*** MATERIALS PROVIDED ***
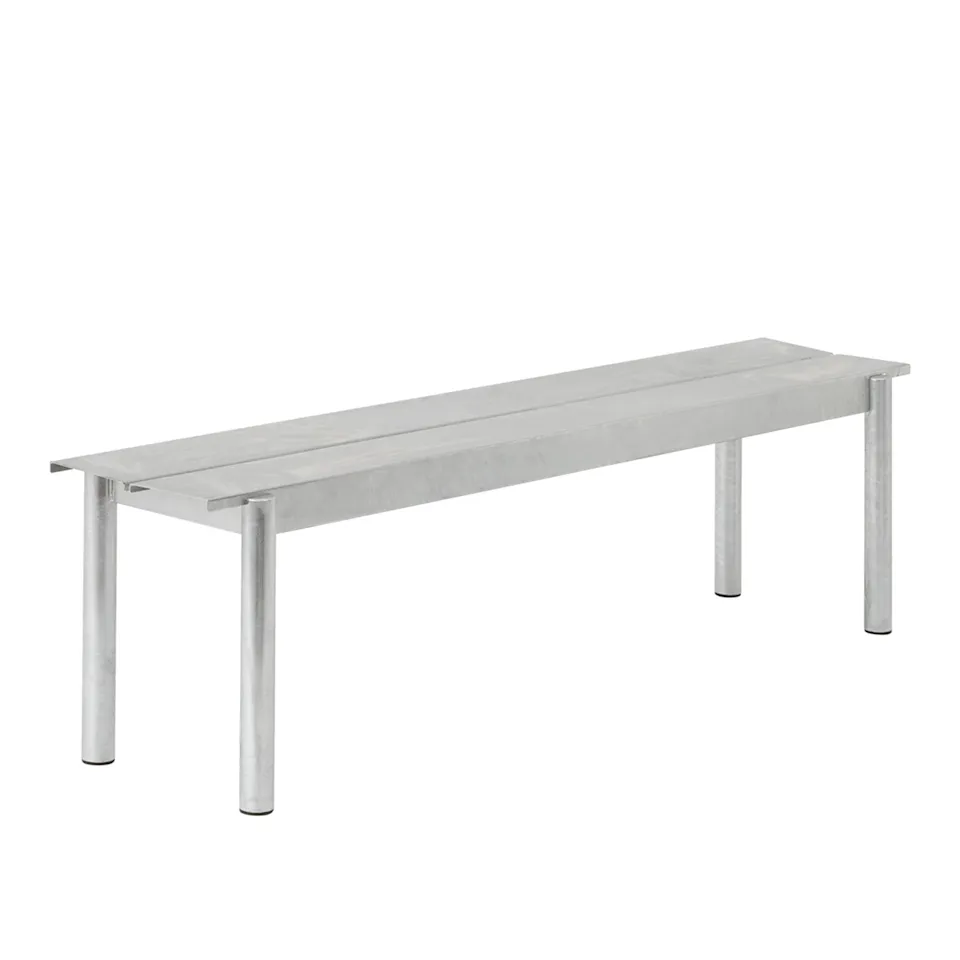 Linear Steel Bench 170x34 cm Warm Galvanized Steel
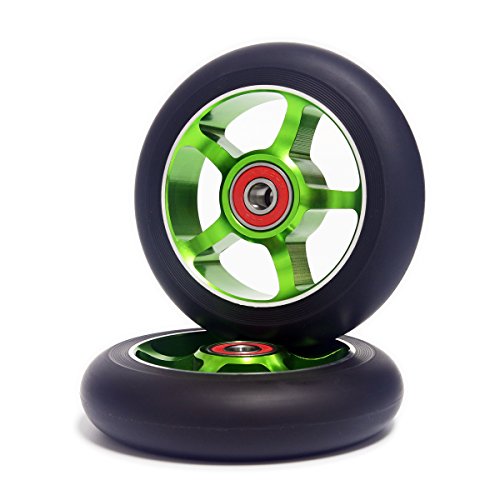 Z-FIRST 2pcs Replacement 100mm Pro Scooter Wheel with Abec 9 Bearings Fit for MGP/Razor/Lucky Pro Scooters (Green)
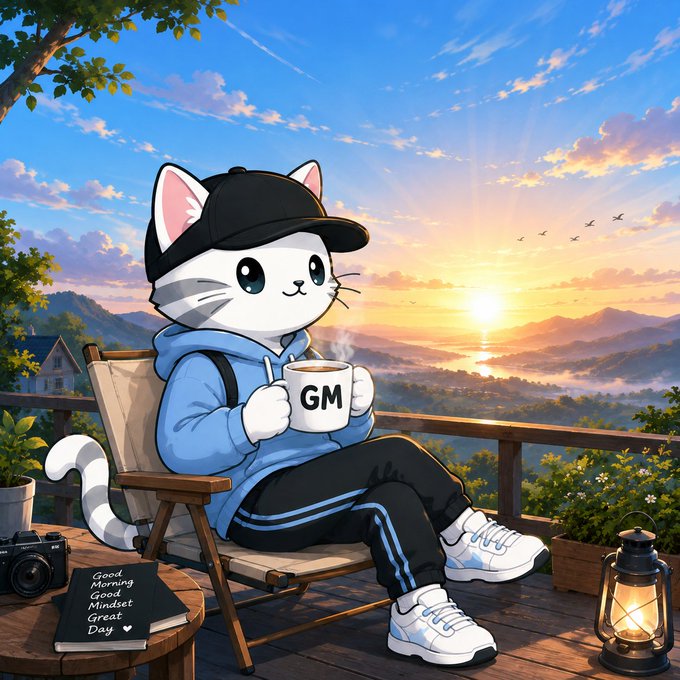 An anime-style illustration of a cute white cat character wearing a black cap and blue hoodie, sitting on a wooden chair holding a mug labeled "GM" while overlooking a sunset mountain landscape, with "Good Morning Good Mindset Great Day" written on a book below.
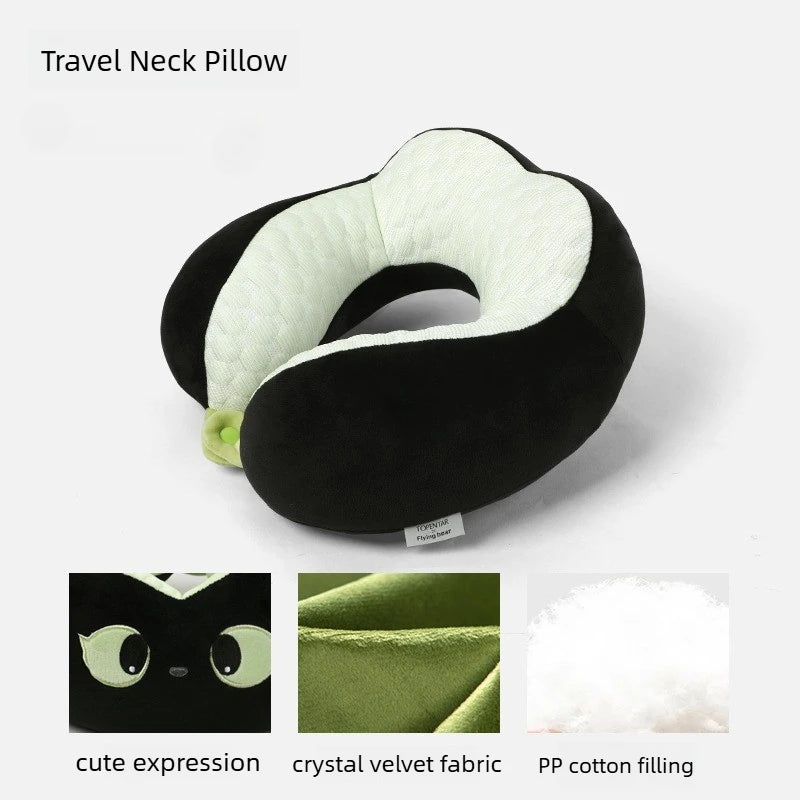 Cartoon Cat U-Shaped Neck Pillow | Travel Comfort & Support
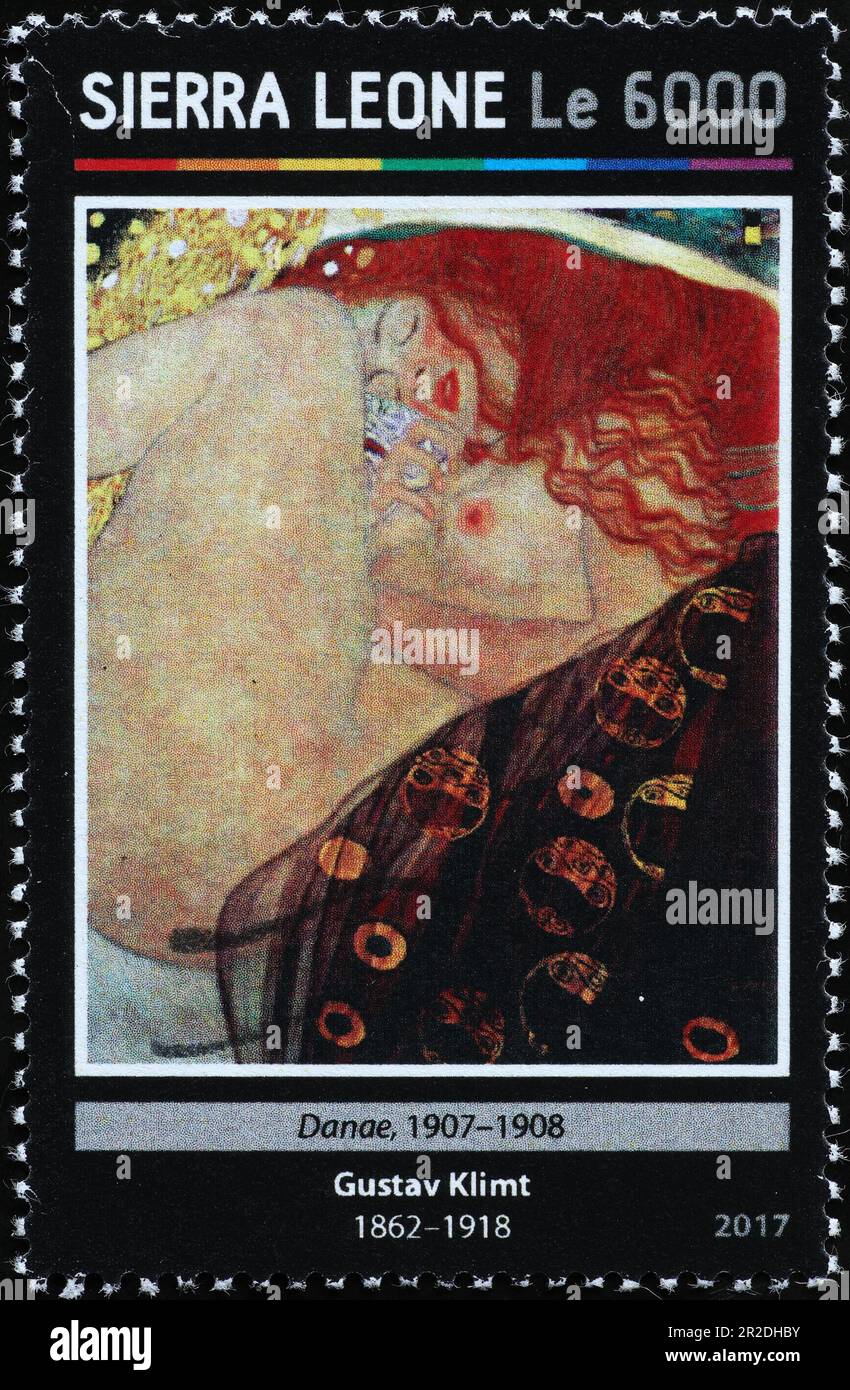 Detail from Danae by Gustav Klimt on postage stamp Stock Photo - Alamy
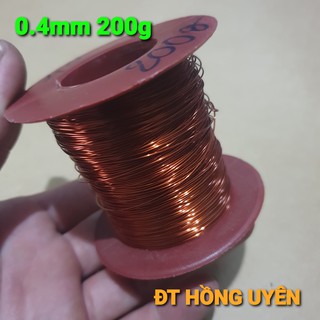(0.4mm 200g).Dây đồng cuộn, chuyên quấn biến áp cơ, biến áp xung, động cơ. Dây đồng 0.4mm bọc emay cách điện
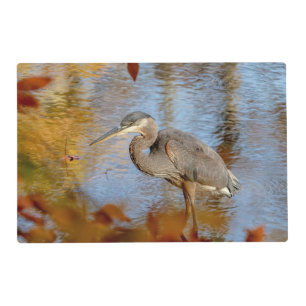 Great Blue Heron framed with fall foliage Placemat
*** End of MATERIALS PROVIDED ***
▶ DIRECTIONS
Omitting all pictures, restate exactly the lines of the material from its start through the line that contains "Cartoon Cat U-Shaped".

▶ ANSWER TO THIS EXERCISE
 Linear Steel Bench 170x34 cm Warm Galvanized Steel
 Z-FIRST 2pcs Replacement 100mm Pro Scooter Wheel with Abec 9 Bearings Fit for MGP/Razor/Lucky Pro Scooters (Green)
 An anime-style illustration of a cute white cat character wearing a black cap and blue hoodie, sitting on a wooden chair holding a mug labeled "GM" while overlooking a sunset mountain landscape, with "Good Morning Good Mindset Great Day" written on a book below.
 Cartoon Cat U-Shaped Neck Pillow | Travel Comfort & Support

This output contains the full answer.